Below are some records. Set down exactly the line holding "All-in one lazy" and every later line through the end, omitting the pictures.
---------- Provided data
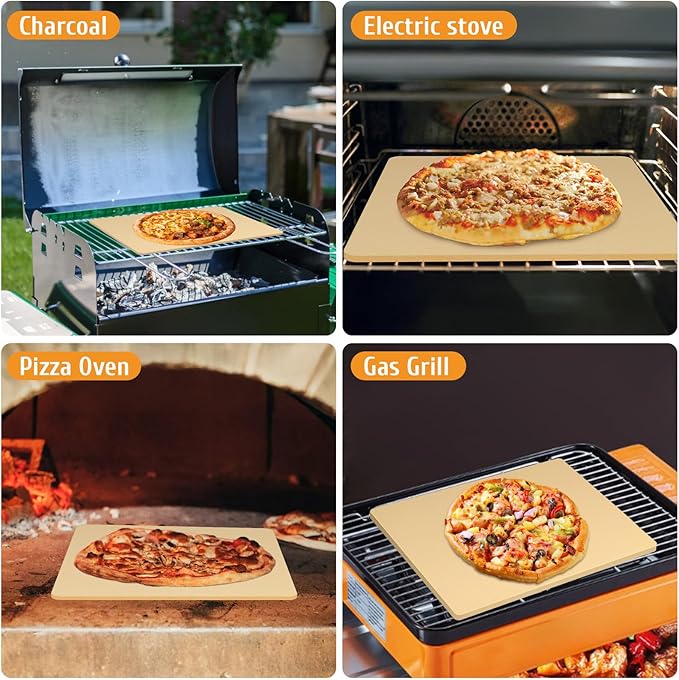 Extra Large Pizza Stone 22" x 14",Cooking Stone for Grill Rectangular, Baking Pizza Stone for bread, Ideal for Grilling Baking Several Sizes of Pizzas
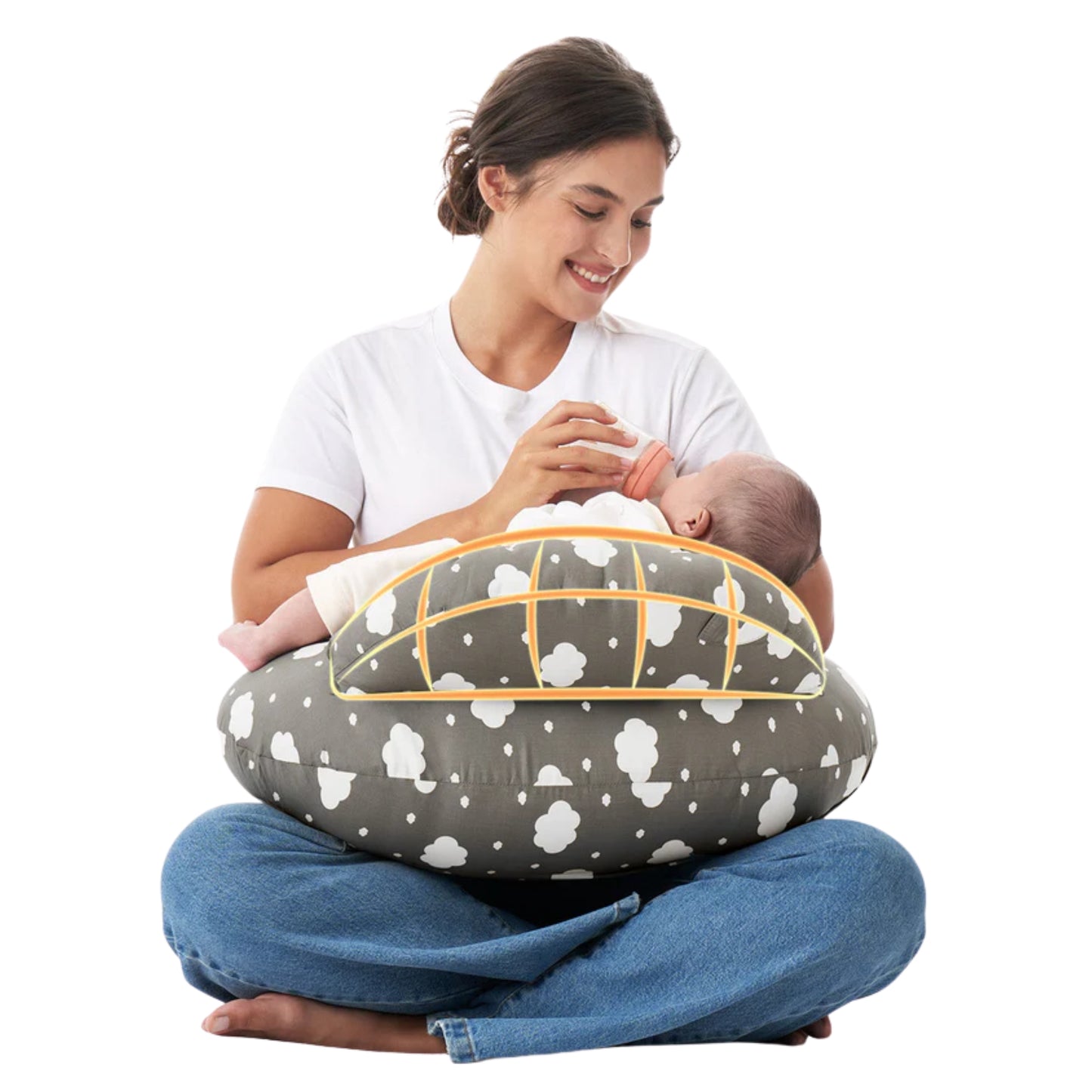 Momcozy Adjustable Nursing Pillow, Grey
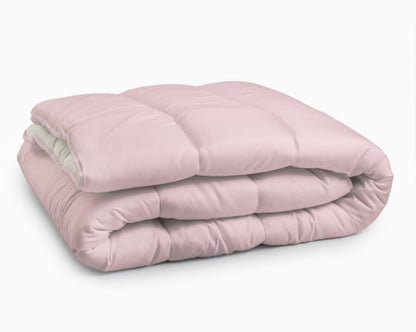 All-in one lazy dekbed Creme/Roze - Dekbed en overtrek in 1 - Lichtgewicht - Trendy kleuren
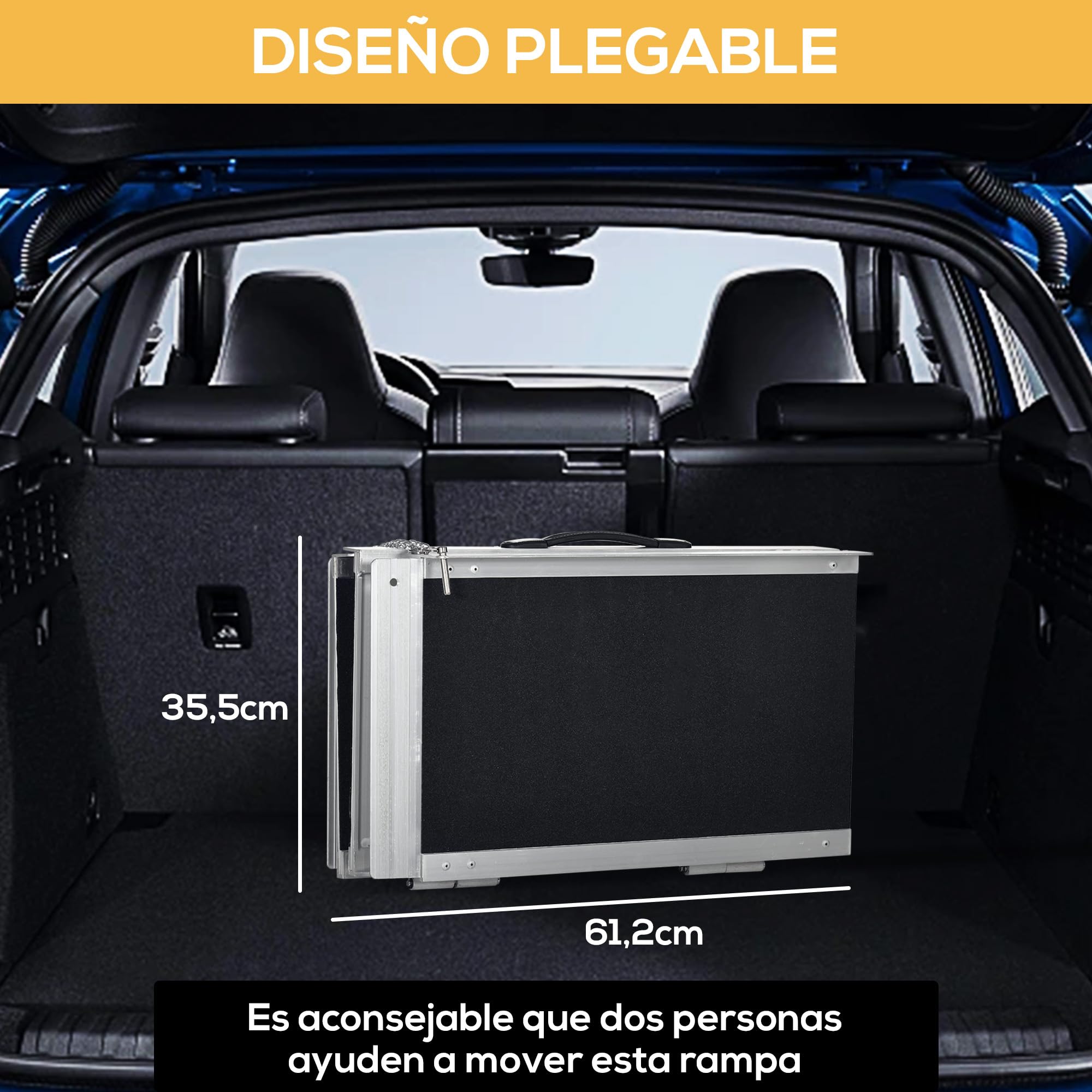 HOMCOM Rampa para Sillas de Ruedas Plegable, 122 cm, Carga 270 kg, Rampa Portátil de Aluminio Antideslizante con Bordes de Seguridad y Asa, para Escaleras, Puertas, Discapacitados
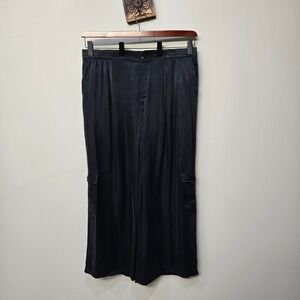 Women Wide Leg Cargo Pants Plus Size 1X Black Cupro Luxe Minimalist Drapey Fluid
--------------------
Answer to the exercise:
 All-in one lazy dekbed Creme/Roze - Dekbed en overtrek in 1 - Lichtgewicht - Trendy kleuren
 HOMCOM Rampa para Sillas de Ruedas Plegable, 122 cm, Carga 270 kg, Rampa Portátil de Aluminio Antideslizante con Bordes de Seguridad y Asa, para Escaleras, Puertas, Discapacitados
 Women Wide Leg Cargo Pants Plus Size 1X Black Cupro Luxe Minimalist Drapey Fluid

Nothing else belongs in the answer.